The Power of Youtube

August 22, 2010

Basil Marceaux may not have won the Republican nomination for Governor of Tennessee but he certainly won the hearts and minds of internet users around the country. While established politicians weren’t taking notes of Marceaux’ campaign tactics, the precipitous ascent of his internet campaign videos should serve notice of the power of the Web and Youtube heading into 2010.

Outrageous sells on the internet. While most political ads may only receive thousands or only hundreds of views – with many Member’s floor speeches lucky to get out of the double-digits – an eye-catching, different video may garner millions of views. While campaigns may be hard pressed to tap the power of Susan Boyle’s rise to fame, or surpass Lady Gaga’s Youtube dominance, there are examples of politicians unleashing the potential of Youtube to change a campaign.

Many may remember Carly Fiorina’s “Demon Sheep” February attack advertisement against Tom Campbell, her opponent in the Republican primary for California’s Senate seat. This ad garnered more than 300,000 views and launched Fiorina into the national spotlight.

While Ned Lamont recently lost the Democratic nomination for Governor of Connecticut, this campaign ad, with more than 166,000 views, helped the businessman come out of anonymity to defeat Senator Lieberman in the 2006 Democratic Senate primary.
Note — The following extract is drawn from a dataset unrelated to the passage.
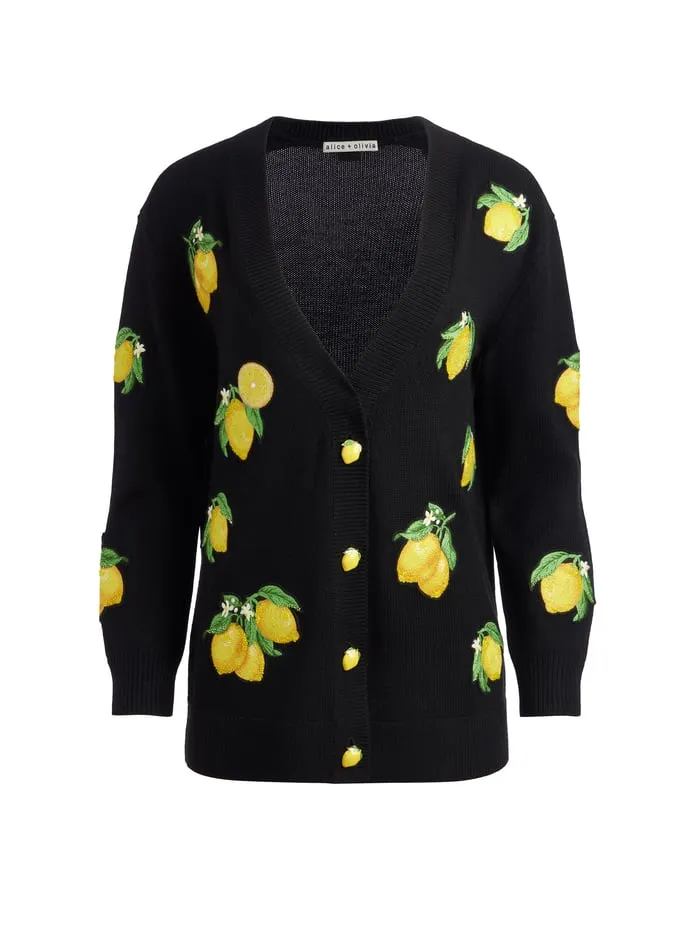 Sweaters Women Alice Olivia Bradford Cardigan Lemon Tree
Lastly, while not a campaign ad, Obama’s speech on religion following the Reverend Jeremiah White attacks in 2008 garnered more than six million views. With a runtime of more than 37 minutes, it proves the public will watch any video they deem inspiring, funny or fresh.
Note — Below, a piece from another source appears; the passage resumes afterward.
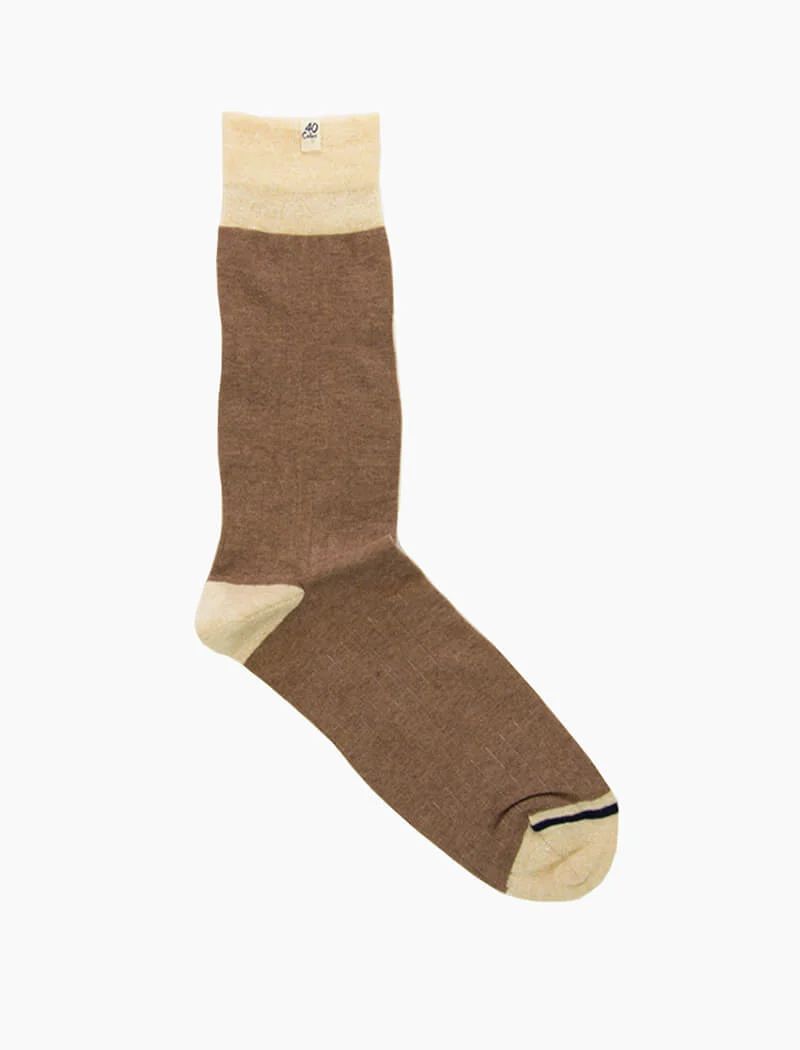 Brown Ribbed Linen & Organic Cotton Socks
Online Ad Spending Surging for 2010 Midterms

August 16, 2010

Google search Carly Fiorina. Chances are you have a pink box at the top of the page telling you to join Carly Fiorina for California today. Now Google search the incumbent Barbara Boxer. I bet the pink box has ads telling you to go to CallMeBarbara.com and CarlyforCalifornia.com.

The political online ad wars are in full swing. Online ad spending for 2010 is expected to more than double compared to 2008, which is impressive considering this is a midterm election. The bidding wars have extended from the TV and radio airwaves to keywords on Google, Bing and Yahoo – not to mention paid advertising on Facebook, Blogs and traditional news Websites.

While online advertising is increasing exponentially, it is still expected to account for only 1% of total campaign budgets according to Borrell Associates, a local advertising consulting firm.

One of the best parts of online advertising is campaigns can see immediate results not only from pushing their messaging but encouraging people to volunteer and donate. An effective online campaign can be cost neutral or as President Obama proved in 2008, be a fundraising boon.

Online advertising comprising of search functionality, e-mail, social media and emerging mobile advertising opportunities will help campaigns remain economically viable, reinforce messaging and anchor rapid response capabilities.

And chances are, if you are not doing it, your opponent probably is.